Did you know that the traditional nuclear family forms only four percent of contemporary American households? Did you know that sixty percent of all new marriages in the U.S. end in divorce?   If these questions interest you, we invite you to join this course.  From an anthropological perspective, a complex array of contemporary family issues will be addressed.  Reading and discussion will focus on cross-cultural definitions of family: polyandry—when a wife takes several husbands; polygyny—when a husband takes several wives; patrilocal households—when the groom and bride live with the groom’s family; and matrilocal households—when the bride and groom live with the bride’s family. Nuclear families, extended families, and same-sex marriages will be studied as well.
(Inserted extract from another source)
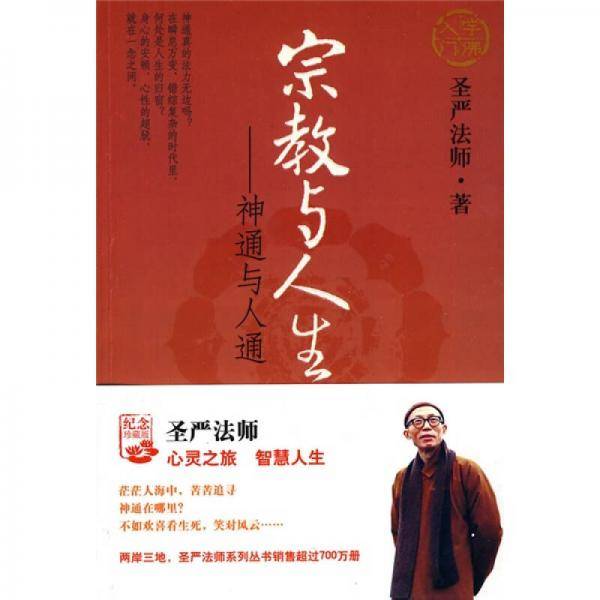 宗教与人生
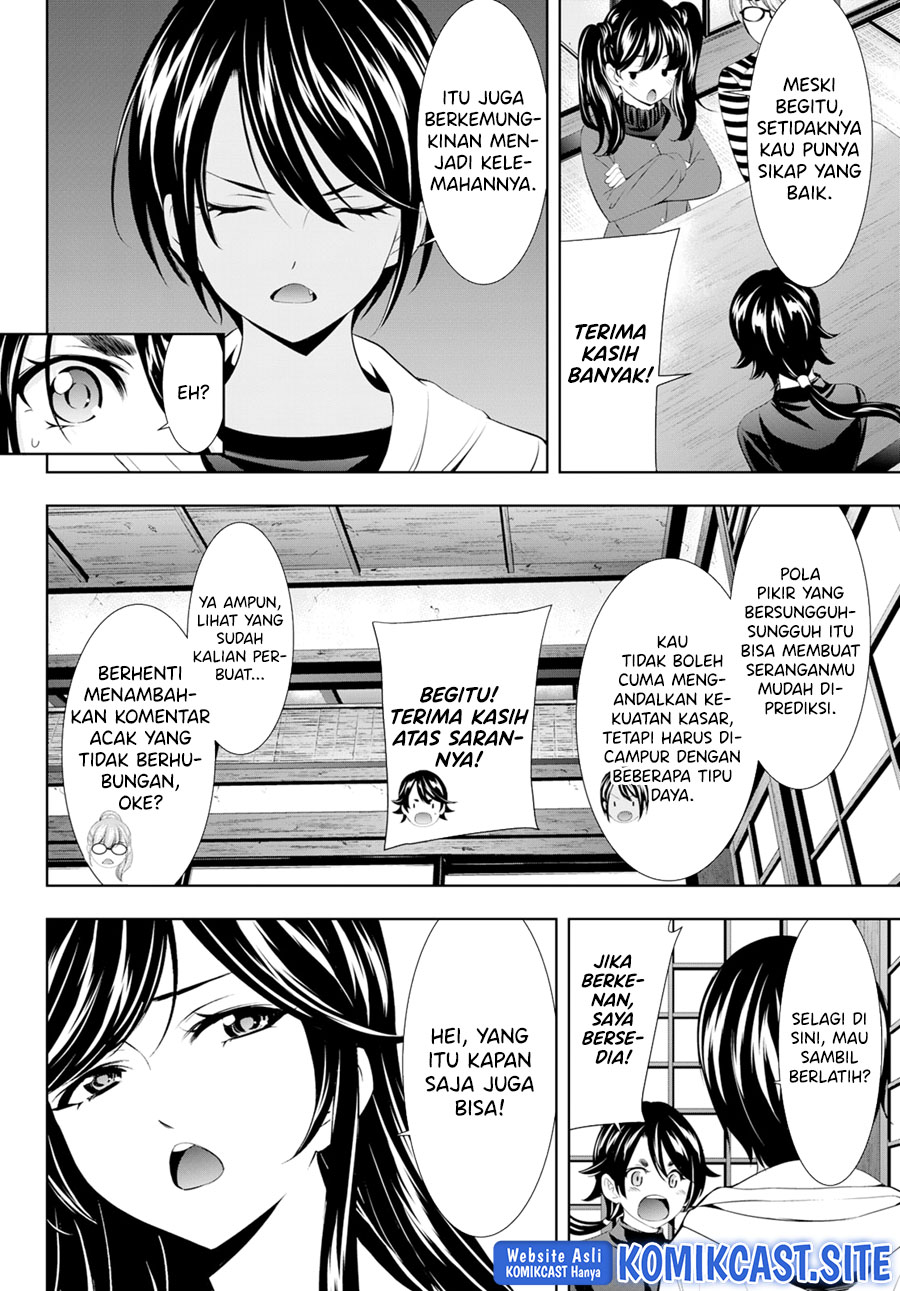 Megami no Kafeterasu (Goddess Café Terrace) chapter 96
Throughout the course students will be introduced to ways of seeing, reading and writing that are fundamental to ethnographic research.

 

Music in Film (Carlsen)

 

Music and film have been close partners from the inception of moving pictures.  The emotions and drama depicted on screen are enhanced when accompanied by some well-chosen music.  In the early days, the accompaniment was usually played live by an orchestra, an organist, or a pianist in a silent-movie theater pit.  With the advent of sound, the film’s background music became a fixed element of the production.  It might be a lavish symphonic score timed to the second to match the length of each scene; it might be a soundtrack assembled from previously-recorded popular songs.  Music itself has also been the subject of films, whether it be a Luciano Pavarotti concert film, a Madonna music video, a Count Basie soundie, a Mozart biography, or a film such as Fantasia derived directly from classical compositions.  These examples and more will be the subject of the course.  Through selected readings, film clips, recordings, discussion, and written assignments, we will address the fundamental question “What is the role of music in film?”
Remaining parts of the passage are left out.